As you are not resident I suspect you may mean imputed tax on a holiday property and not wealth tax. 

Please forgive me if that is not so


----------



## Overandout (Nov 10, 2012)

keybler said:


> I am trying to pay the wealth tax but my bank account was opened with a passport. Agencia Tributaria tries to validate my NIE against the account so it fails when I try to pay with my IBAN. Same for credit card payments. My bank refuses to add the NIE to the account as I only have an A4 paper NIE rather than a card as I am not a resident. I can't believe how much time I have spent trying to solve such a simple issue. They simply will not take my payments, it is incredible. I would appreciate any advice. Thanks!


This is probably not what you want to hear, but I may have a solution:

This "problem" is coming from some banks' interpretation of a new(ish) law which really says nothing more than the the fact that the certificate of registration of EU citizens is not a valid ID document and can't be used for proof of ID in banks in the measures against money laundering.

The result of this is that some banks no longer accept the NIE number as the ID number of the client because that number appears on the green cert. This is the case in Bankia for example where I have banked using my NIE as my ID number for over 15 years. I now have had to give them my passport as my new ID and my passport number is my new ID number. So, if I try to pay Hacienda with that account I will probably have the same problem.

But, other banks have not taken the illogical jump from Green Cert not being an ID to the NIE being invalid. I also have an account in Deutsche Bank who have not made this ridiculous change. SO I will use that account.

In summary, open another account in a bank which accepts the NIE.


----------



## Juan C (Sep 4, 2017)

An NIE nor the green paper certificate have ever been valid ID. In fact the green certificate has that printed on it

For Brits the only legal ID is their. original passport or a copy certified by the passport office or the British consulate. Nothing else 

I know quite often other bits of paper are accepted as ID but that does not change the law if a person insists on seeing your legal ID.


----------



## Overandout (Nov 10, 2012)

Juan C said:


> An NIE nor the green paper certificate have ever been valid ID. In fact the green certificate has that printed on it
> 
> For Brits the only legal ID is their. original passport or a copy certified by the passport office or the British consulate. Nothing else
> 
> I know quite often other bits of paper are accepted as ID but that does not change the law if a person insists on seeing your legal ID.

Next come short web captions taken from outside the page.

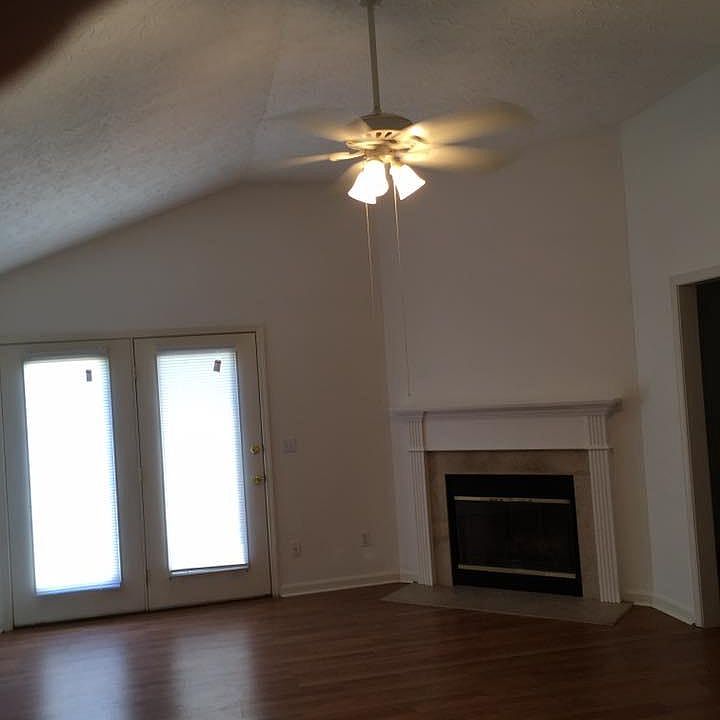 2nd image of 3029 Many Oaks Park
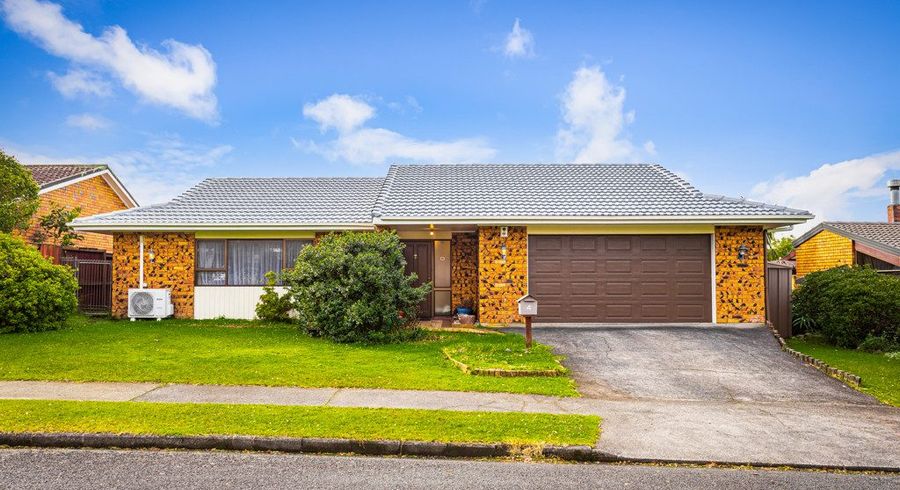  at 4 Muscat Place, Henderson, Waitakere City, Auckland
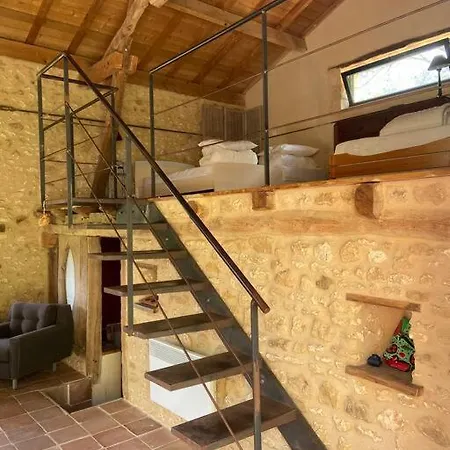 Le Charme Du Perigord Avec Piscine Chauffee Bourrou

It is the money laundering protection that is new and has made some banks stop accepting the NIE as an ID number for clients. This is new. It has nothing to do with the fact that the Certificate is not a valid form of ID, that link which you erroneously make is the same link that some banks make also.

If I can evidence my NIE by means of a document which satisfies the bank's legal obligation to identify me (e.g. a driving licence) then they have no grounds to use the new law to make me use my passport, but this is what they are doing.


----------



## Juan C (Sep 4, 2017)

“I know quite often other bits of paper are accepted as ID but that does not change the law if a person insists on seeing your legal ID.“

https://www.google.es/amp/s/www.rondatoday.com/carrying-id-when-living-in-spain/amp/

Extract ;/ 


In fact under Spanish law we are wrong. Everyone in Spain must carry government issued ID at all times, regardless of whether we are Spanish, an EU national, or a foreigner living or holidaying in the country. The specific law is Article 4 of Organic Law 4/2000 which states in unambiguous terms that foreign nationals in Spain must carry identity documents issued by the country of citizenship. The operative word is ‘carry’ – not to be confused with keep at home.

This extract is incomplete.